Additionally, the first image is a realistic portrayal of using a bike. That couple could've been waiting at a red light that wouldn't change so they decided to walk their bikes through the crosswalk. (A totally
advisable course of action). Moreover, they can cycle in these clothes. She's not wearing super-wedgie producing booty shorts and he's not naked. They don't look tired, dirty, or disheveled. They look like they could jump right back on those bikes and have a grand time. They appear to be dressed for a grand time. In fact, I want to be the woman who can convince her boyfriend to dress like that (and I wouldn't mind having a man who looked like that either).
This is cycle chic bike porn. All of my happy buttons are being tweaked. I'm digging the clothes, the city streets, the bikes--the lifestyle. Yes, please. Gimme some of that cycle chic.
The second image is porn-porn. The woman on the bike is an object like the bike which you can't even see. The headline below her cleavage reassures readers that there are more pictures of her accompanying the feature about her because ogling her body is way more important than learning the slightest thing about her as a person. The only positive thing I can say about this picture is that at least it's not an image of
just her butt or
just her crotch. Let's just say that if a photo looks like it was taken by a creep hiding in some bushes waiting for women on bikes to have wardrobe malfunctions, it's not cycle chic. I would also propose that an image with a naked or half-naked woman and a bike that elicits the question, "What bike," is just porn; it's not bike porn. Another question to consider: does the woman look like she could enjoy the bike? If the composition of the photo doesn't lend itself to the possibility that the woman could enjoy the bike then it's definitely porn because that's the hallmark of regular porn--no female subjectivity.

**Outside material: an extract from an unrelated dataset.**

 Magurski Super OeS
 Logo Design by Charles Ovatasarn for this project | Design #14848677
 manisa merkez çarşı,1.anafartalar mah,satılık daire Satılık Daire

I try not to get deep on this blog, but citygirlrides pointed out that
the whole "girls on bikes" thing is being co-opted by folks who don't give a damn about girls or bikes. Then I saw
the debate on Momentum Mag and I had to add my two cents. I think that cycle chic is about the way women want to live--it encompasses the way they want to dress
and the fact that they want to ride in a seperated bike lane. At the bottom of it, cycle chic is also about normalizing cycling. It seems to have escaped the attention of Elly Blue and others that chic cycling is slow cycling. One doesn't have to be super fit or young or have the best bike to toodle into their city center for coffee. That sounds inclusive.What doesn't sound inclusive is this debate. We all want to ride our bikes, I don't see the point in dismissing anybody because they want to look a certain way while doing it.